EAP653 frequently getting stuck re-adopting
After moving into my own home, a three-storey building, I have bought into the Omada ecosystem with the following TP-Link hardware:
- ER605 v1.0 @ firmware 1.3.1
- SG2218 v1.20 @ firmware 1.20.0
- TL-SG2210MP v3.0 @ firmware 3.0.6
- 3x EAP653(EU) v1.0 @ firmware 1.0.9
The TL-SG2210MP plugs directly into the ER605. The three EAP653 are powered using Cat7a cables over PoE by the TL-SG2210MP. The SG2218 is connected to the TL-SG2210MP through their SFP slot.
All of these are coordinate using the omada controller software (5.13.22) running in an LXC container on a proxmox virtualisation server plugged into the ER605. Initial setup and provisioning worked like a charm and I've setup a couple of VLANs though I have not yet configured any firewalls. All TP-Link devices are currently on the default "LAN" network at 192.168.0.X and get IP addresses assigned through DHCP.
The setup worked fine for a couple of days, however, since about a week I am constantly experiencing issues with the EAP653 access points. What happens is that the access points become listed as "ADOPTING" in the controller webinterface however they never succeed in the adoption. There is no status change visible through the UI, thus, the AP is stuck in the "ADOPTING" state. The TL-SG2210MP shows the ports as "active" with PoE power output roughly similar compared to that of the "CONNECTED" APs (about 6 watts). The log accessible through the controller webinterface shows multiple alerts indicating that the AP "was isolated". I can get the AP unstuck by power cycling the AP either by unplugging and re-inserting the network cable or triggering the "PoE recovery" on the relevant port of the TL-SG2210MP.
The wireless network configuration is relatively simple with just a single SSID on 2.4 and 5 GHz secured using PPSK without RADIUS. I have configured three VLANs (/24 ip space, each has its own DHCP) each with its own passphrase. All other configuration options are left to defaults.
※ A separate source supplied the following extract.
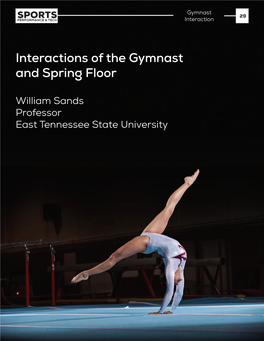 Interactions of the Gymnast and Spring Floor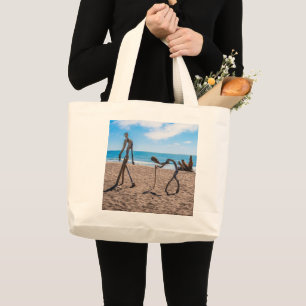 Evolutie Grote Canvas tas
All three EAP653 are affected although they typically don't fail at the same time. The failure rate is about once a day, meaning that currently I have to power cycle at least one EAP653 per day.
I don't really know where to go from here. The omada controller doesn't really offer much in terms of observability / logging which makes debugging near impossible for a newcomer. Can anyone more experienced provide any hints what to check?